The critics trashed the show, but liked Sidney for his "fresh, comedic gift". Regardless, he felt like a failure and faced self-doubt. He decided he would stay in charge of his life, and move forward no matter how it played out. The play ran for four days. Even though he felt like a failure, it led to his next acting job and so forth.
The next time you feel like an imposter or a fraud, talk to a friend you admire and share the doubts you have about your achievements. It’s likely they will share similar feelings of self-doubt and failure about their success. The more you do this, the less you and others will feel alone and isolated.
— Source: Clance, P.R. (1985). The Impostor Phenomenon: Overcoming the fear that haunts your success.
— Source: Sakulku, J. & Alexander, J. (2011). The Imposter Phenomenon. International Journal of Behavioral Science
Poitier (left) at the 1963 March on Washington, alongside actors Harry Belafonte and Charlton Heston — Photo credit: By U.S. Information Agency. Press and Publications Service. (ca. 1953 - ca. 1978) Photograph by Rowland Scherman, Creative Commons here.
iii.
How to whack your self-doubt into oblivion
By Flavian DeLima
Amy Cuddy interviewed Neil Gaiman in her bestselling book "Presence: Bringing Your Boldest Self to Your Biggest Challenges". She has a Ph.D. in social psychology focusing on how stereotypes predict patterns of discrimination.
Neil is the mega-successful bestselling author of children's books, fantasy and science fiction novels, comic books, and short stories, that have been adapted into films, television, and video games.
The knock on the door
For the first ten years as an author, he felt like a fraud. He shares a fantasy in Amy's book that repeatedly played in his head. It started with a knock on his door from someone in a suit:
“Are you Neil Gaiman?” “And I would say yes. “Well, it says here that you are a writer, and that you don’t have to get up in the morning at any particular time, that you just write each day as much as you want.” And I’d go, “That’s right.” “And that you enjoy writing. And it says here that all the books you want—they are just sent to you and that you don’t have to buy them.” ... “And that people like what you do and they give you money for just writing things down.” And I’d say yes. And he’d say, “Well, I’m afraid we are on to you. We’ve caught up with you. And I’m afraid you are now going to have to go out and get a proper job.”
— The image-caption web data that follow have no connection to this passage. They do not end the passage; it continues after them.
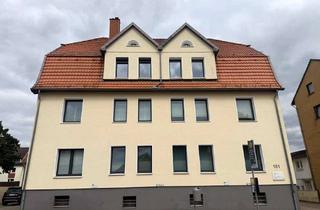 Wohnung mieten in 30823 Garbsen, Erstbezug nach Sanierung: Großzügige 3-Zimmer-Wohnung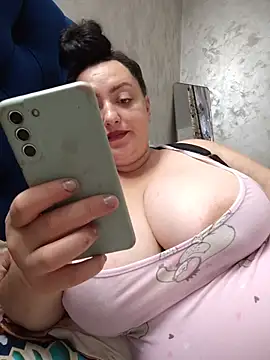 AMYRA_HOT webcam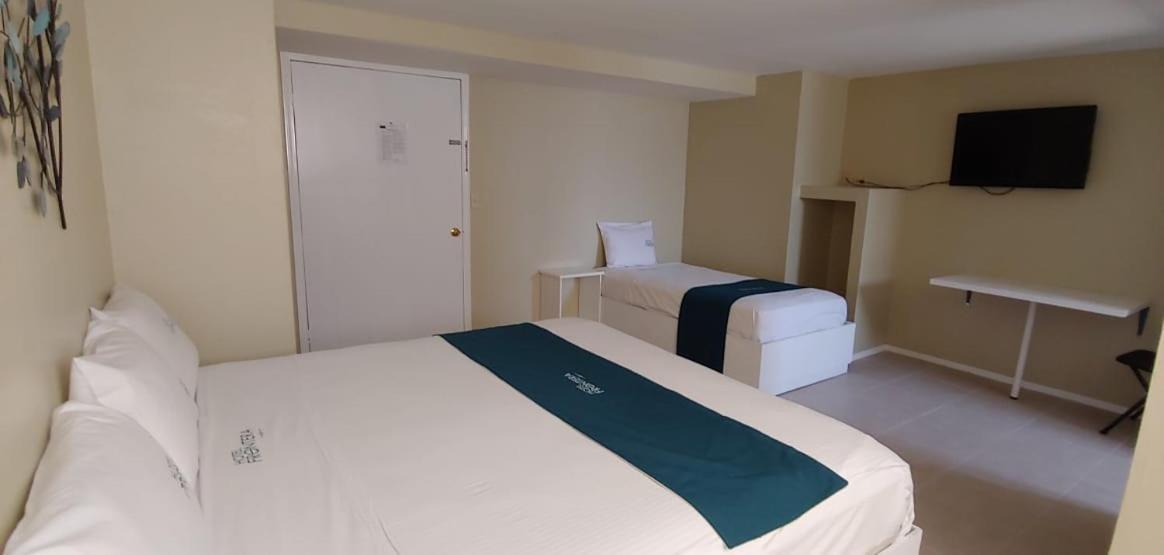 Hotel Frontera Baja Мехикали Экстерьер фото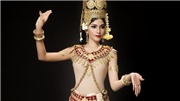 Trương Thị May xinh đẹp h&#243;a th&#226;n vũ nữ Apsara mừng tết Khmer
At which point in my fantasy my heart would always sink, and I’d go, “Okay,” and I’d go and buy a cheap suit and I’d start applying to real jobs. Because once they’ve caught up with you, you can’t argue with this: they’ve caught up with you.”
The cruel irony of success
Amy believes a cruel irony accompanies success. Like Neil, the more we succeed and accomplish, the worse we might feel. She writes:
"We can't reconcile a lofty version of ourselves with our secret knowledge that we don't deserve it. Worldly success introduces us to others who will hold us to a standard we can’t possibly meet, thus revealing our true weak, incompetent selves.”
Each new accomplishment makes imposter syndrome feel worse because the gap widens between our basic view and the lofty standard that society expects.
Work it out, one obstacle at a time
Neil tells the story of how his recurring fantasy ended in Amy's book.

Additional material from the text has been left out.